Consequently, this volume, though
conceptually complex and sometimes technical, will be relatively free of
scholarly apparatus, particularly references. Many writers, especially
if they have a professorial background, seem to believe that scholarly
references validate their assertions. Actually, such references
demonstrate only what could readily be guessed: that other writers have
thought as they think and have put those thoughts into print.
References, as I see them, have a function that is more illustrative of
a climate of opinion than probative or conclusive. References (including
some that were included in earlier drafts of some chapters) will
therefore be omitted.
In their place, the reader will find (1)
a glossary of recently coined terms, (2) bibliographies of select
sources, and (3) appendices of aphorisms epitomizing the views more
discursively set forth in the main text.
My intellectual debts in the writing of
this work are too many to be acknowledged in full. Foremost among them,
of course, is my conceptual obligation to Immanuel Velikovsky, who went
further, I think, than any catastrophist or quantalist before or since
to make sense of the seemingly senseless behavior of human beings as we
know them and to present credible reasons for our unreason.
But I must also make it clear how heavily
I have relied on a number of innovative scholarly organizations with a
quantalistic orientation and a trans-disciplinary range.

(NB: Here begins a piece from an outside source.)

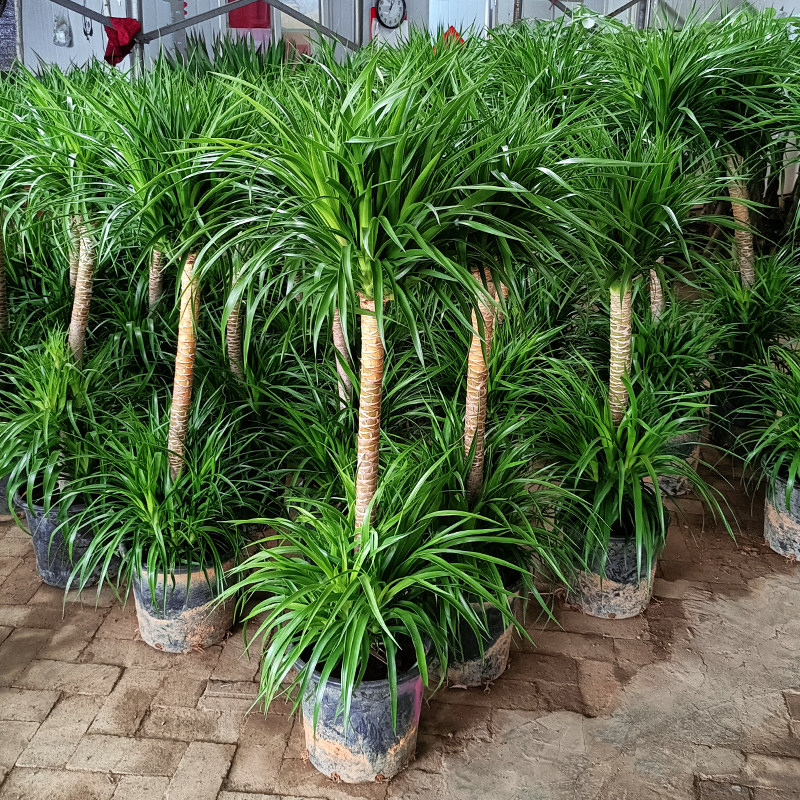 单头龙血树老桩头熟货室内客厅办公室大型绿植盆栽好养观叶植物,鲜花速递/花卉仿真/绿植园艺,大型绿植/成品组合盆栽,淘宝优惠券,粉丝福利购,淘宝优惠卷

Chief among
these are The Society for Historical Research in New York, Kronia
Communications in Portland, Oregon. The Canadian Society for
Interdisciplinary Studies in Montreal and Toronto, and The Society for
Interdisciplinary Studies at several locations in England. And I am
greatly indebted to the publishers, and contributors of the following
periodical journals (most of which were first issued in the 1970's but
are no longer published): Pensée, Portland, Oregon; KRONOS,
Wynnewood, Pennsylvania; Catastrophism and Ancient History, Los
Angeles, California; the S.I.S. Review, Chronology and
Catastrophism Workshop, and the Chronology and Catastrophism
Review, all three issued by the Society for Interdisciplinary
Studies in England; and AEON, Ames, Iowa.